His order does not stay on paper. It reaches into systems that rely on a fixed answer at the moment of birth. Hospitals record that answer. States certify it. Federal agencies issue documents based on it. Schools, employers, and courts depend on it without question. His directive tells those systems to draw a different line for a defined group. Courts stopped that line from being drawn. The Court now decides whether it can be drawn at all.
He moved the argument out of the law and into force. He placed a lawyer’s ethnicity next to a constitutional question. He placed a civil-liberties organization next to a criminal statute. He placed a national vote next to a clause that has its own amendment process. He placed a misattributed lesson in defiance next to a case under review. Each move replaces a rule with something else he controls.

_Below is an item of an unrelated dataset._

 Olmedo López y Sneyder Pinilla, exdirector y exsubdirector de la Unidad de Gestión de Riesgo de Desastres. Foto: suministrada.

The Constitution sets the terms. The Court has already read them. His order tells the government to act as if both can be set aside.
Citizenship at birth determines who receives a passport, who is recognized by the state, who can stand in court, and who is counted from the first day of life. Change that starting point for a defined group and the change runs through every system that touches a life after it begins. Call that starting point a “scam,” and the change arrives with permission.
The text remains where it has been since 1868. The Court’s reading remains on the books since 1898. The order remains blocked. The case remains under review.
A president who directs agencies to ignore a constitutional guarantee, misstates the law to justify it, targets opposing counsel by ethnicity, threatens a civil-liberties organization with criminal statutes for litigating a case, invents a voting mechanism that does not exist, and reaches for a distorted version of history to frame defiance of the Court is not testing the limits of his office. He is stepping outside them.
The oath requires preservation, protection, and defense of the Constitution. He chose the opposite in writing, in public, and in the middle of a case that turns on whether the Constitution still means what it says.